Exactly reproduce the line containing "Калъф MagSafe за" and all later lines to the end of the entries, leaving the pictures out of your copy.
=== Section Start ===
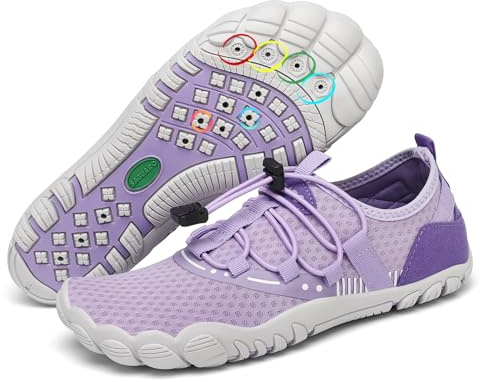 SAGUARO Escarpines Mujer Zapatillas Agua Hombre Secado Rápido Barefoot Zapatos de Agua Antideslizante Escarpines Surf Ligeras Zapatillas Minimalistas para Playa Snorkel Kayak Natación Morado,Gr.41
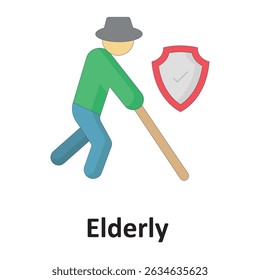 Seguro para personas mayores :Icono de Vector que puede modificarse o editarse fácilmente

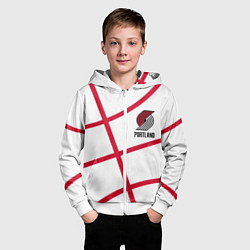 Толстовка на молнии детская Трэйл Блэйзерс - белый мяч, цвет: 3D-белый — фото 2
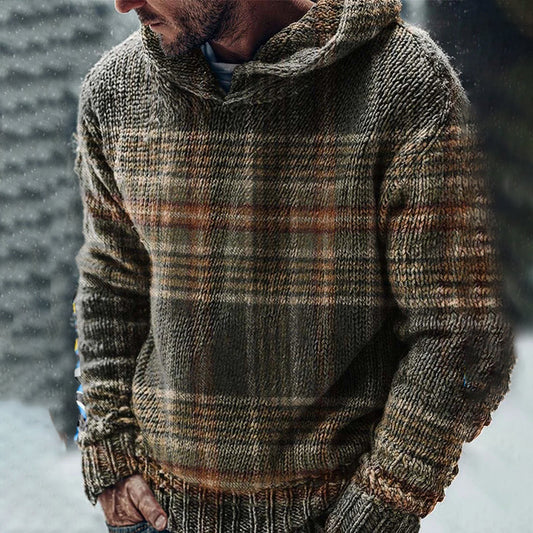Vintage Plaid Art Print Casual Knitted Hoodie Sweater artswardrobe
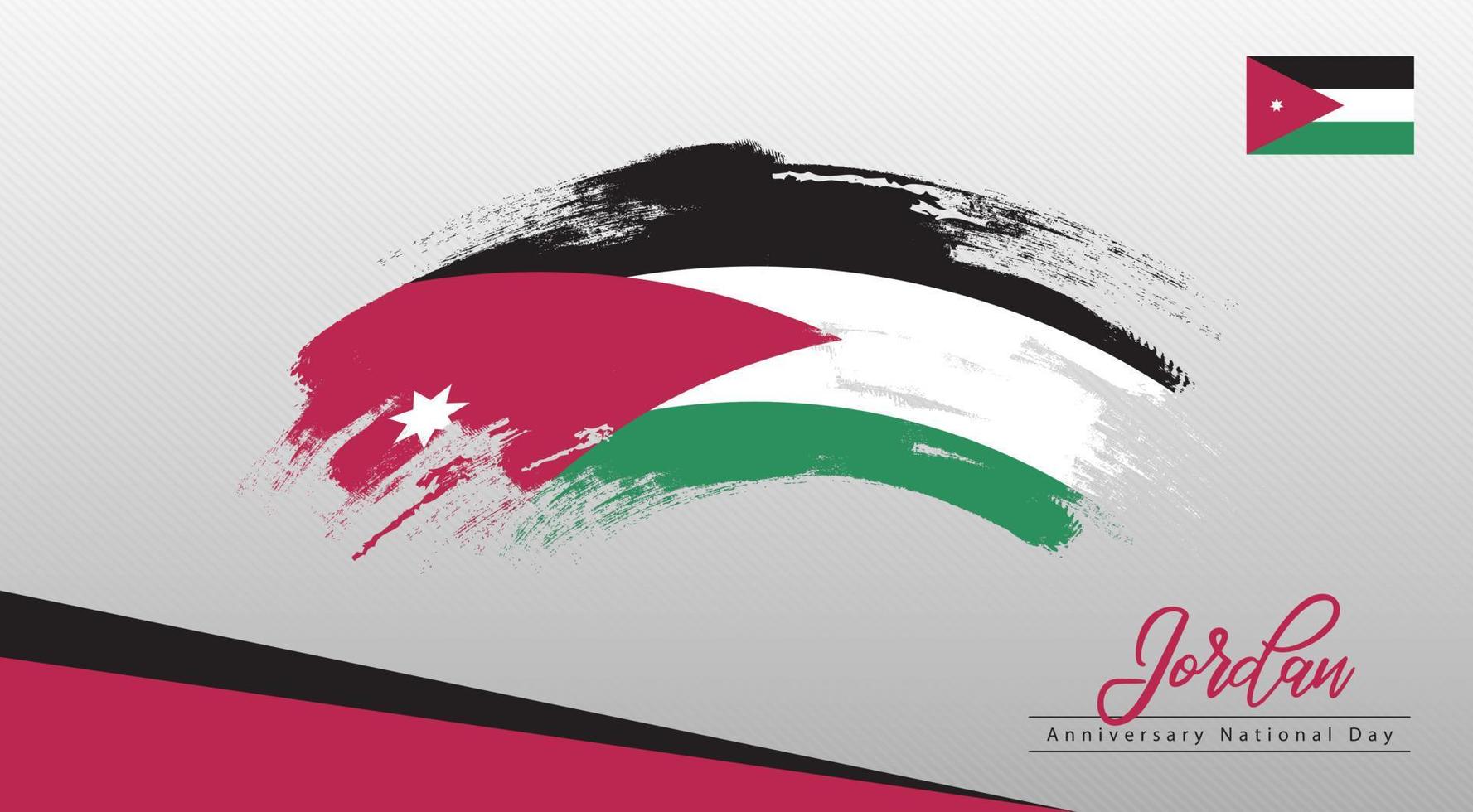 feliz día nacional jordania. banner, tarjeta de felicitación, diseño de volante. diseño de plantilla de cartel vector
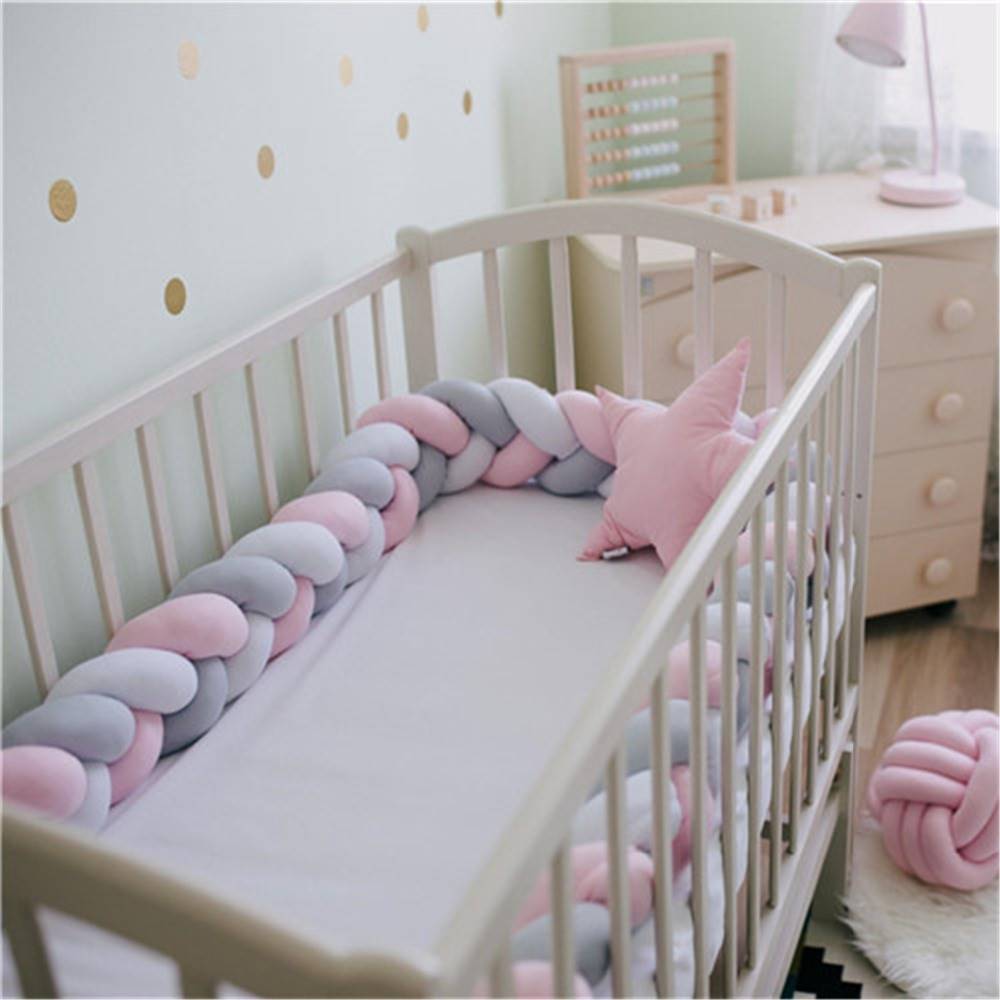 极速Baby Bed Bumper Handmade Knotted Braid Baby Crib Protect - 图1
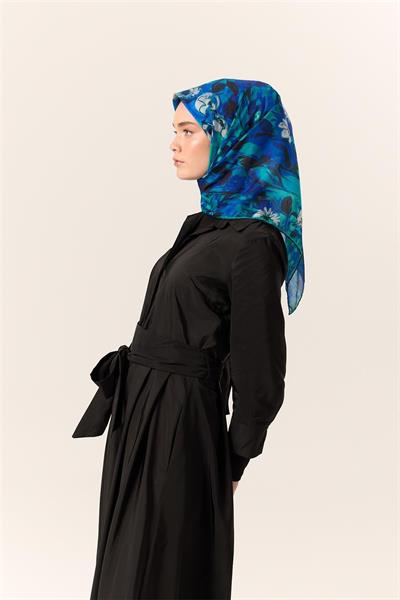 İnce Pamuk Eşarp Patina Yeşili Gece Mavisi Desenli Kaymaz Tok Duruşlu 90x90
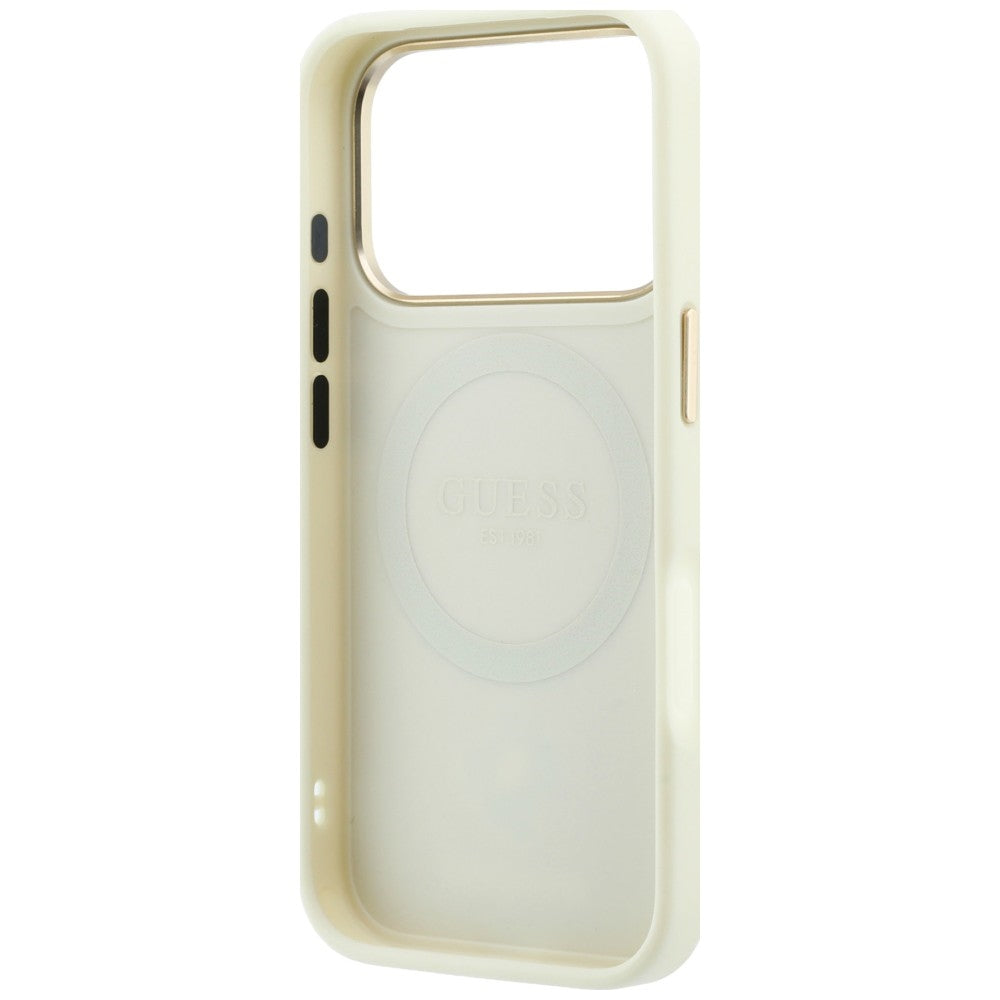 Калъф MagSafe за Apple iPhone 18 Pro Max / 17 Pro Max, Guess, Peony 4G Small Logo, Бежов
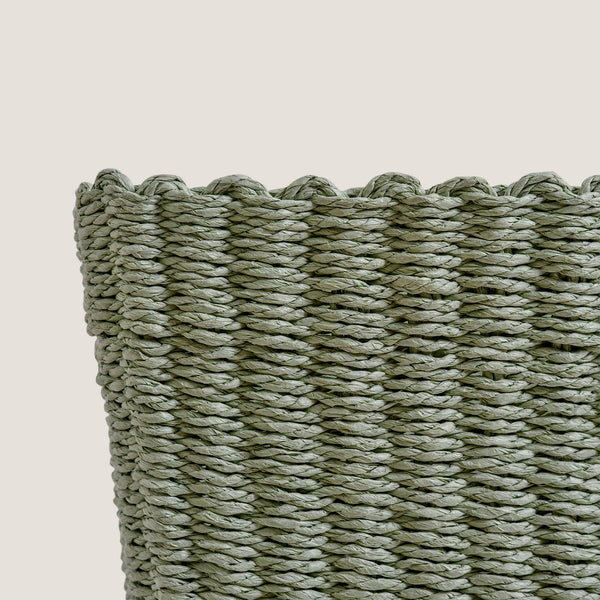 Paper Rope Storage Basket, Green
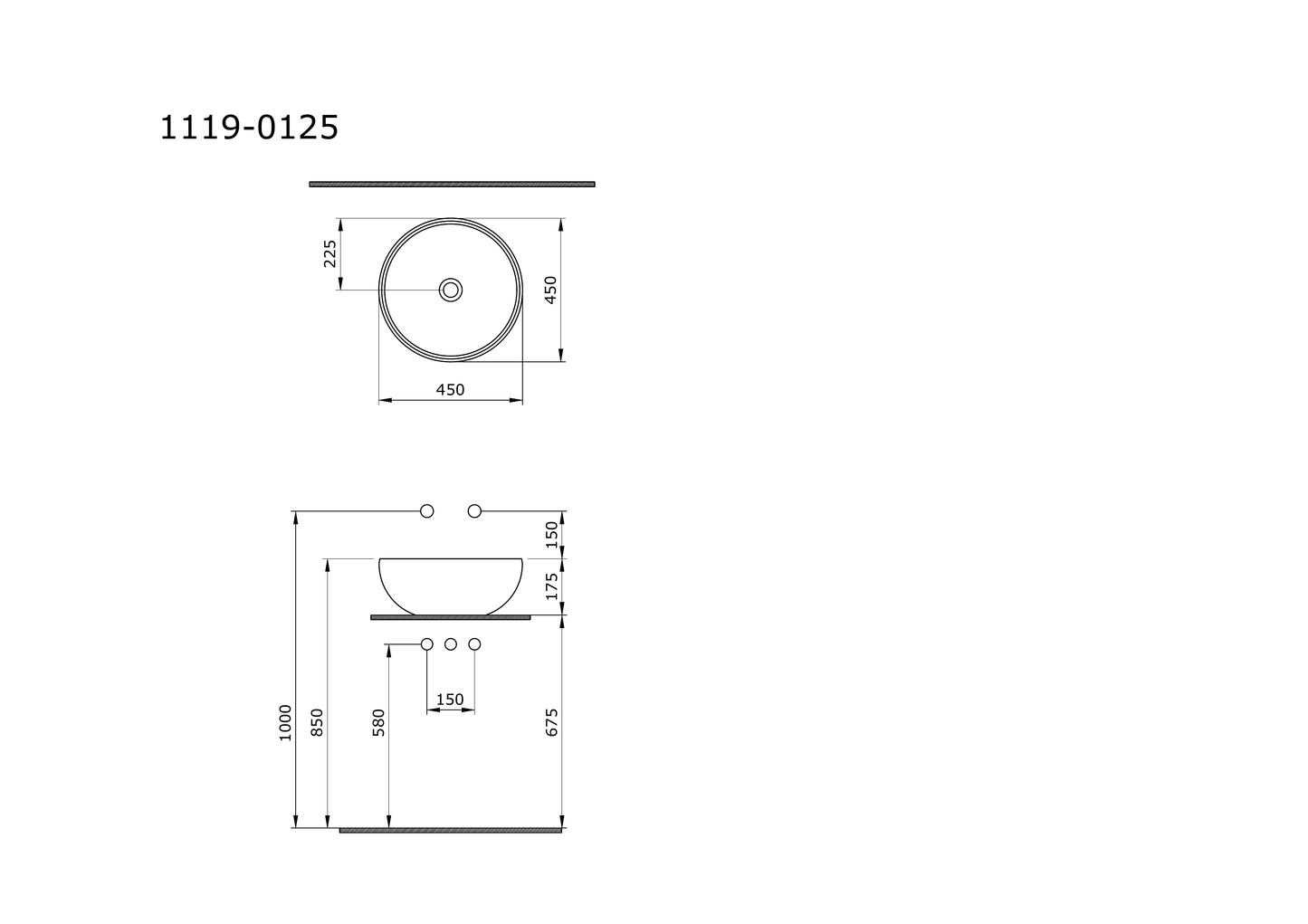 Bocchi Venezia 45 cm çanak lavabo teknik çizimi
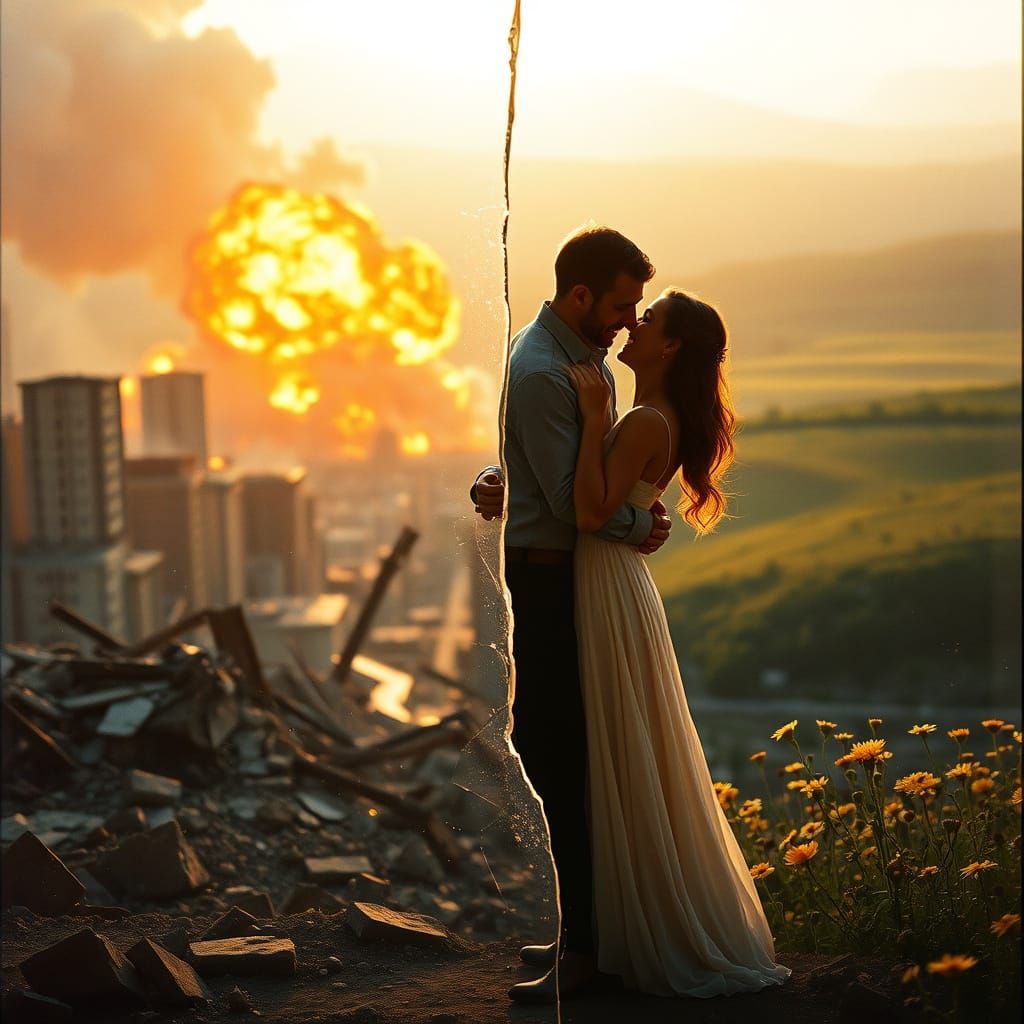 Shattered Harmony: War-Torn City Meets Idyllic Landscape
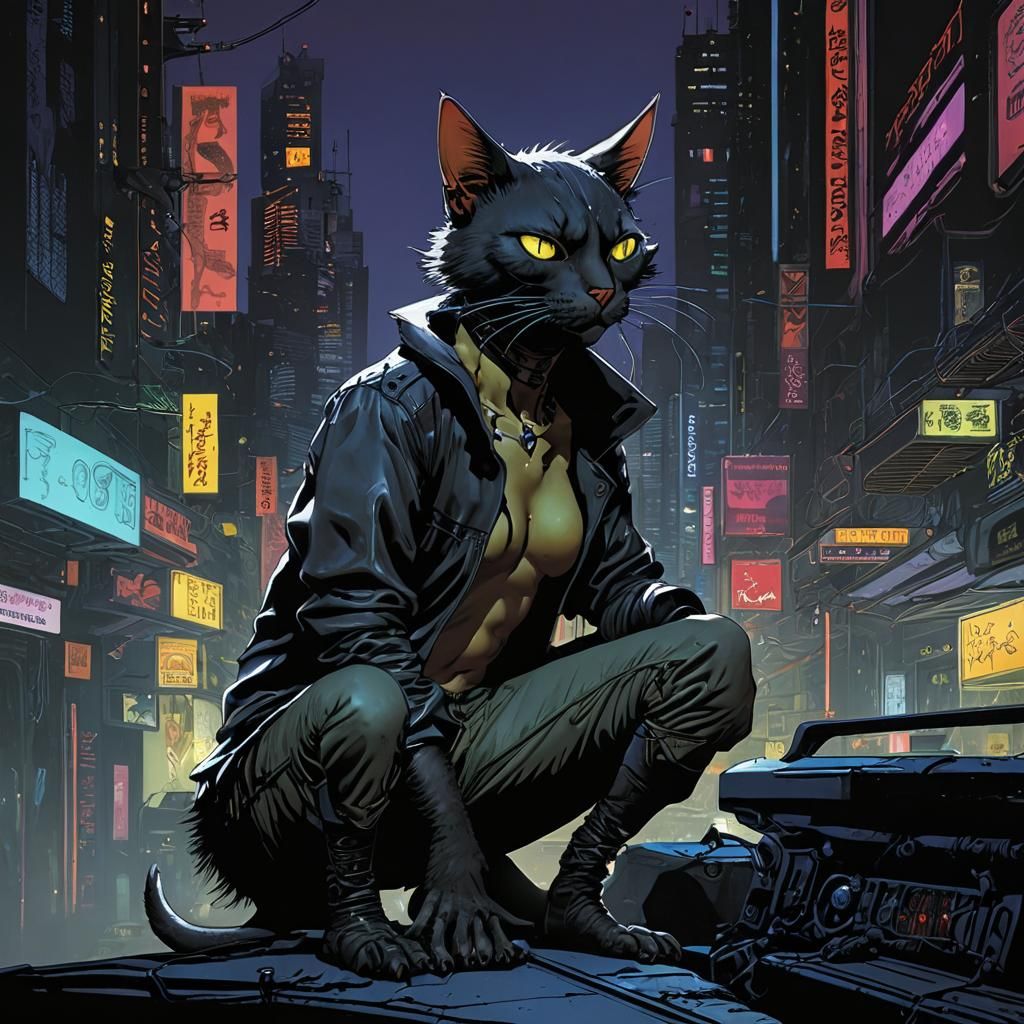 Cyberpunk Stray Cybercat in Neo-Noir Style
=== Section End ===
■ Response box ■
 Калъф MagSafe за Apple iPhone 18 Pro Max / 17 Pro Max, Guess, Peony 4G Small Logo, Бежов
 Paper Rope Storage Basket, Green
 Bocchi Venezia 45 cm çanak lavabo teknik çizimi
 Shattered Harmony: War-Torn City Meets Idyllic Landscape
 Cyberpunk Stray Cybercat in Neo-Noir Style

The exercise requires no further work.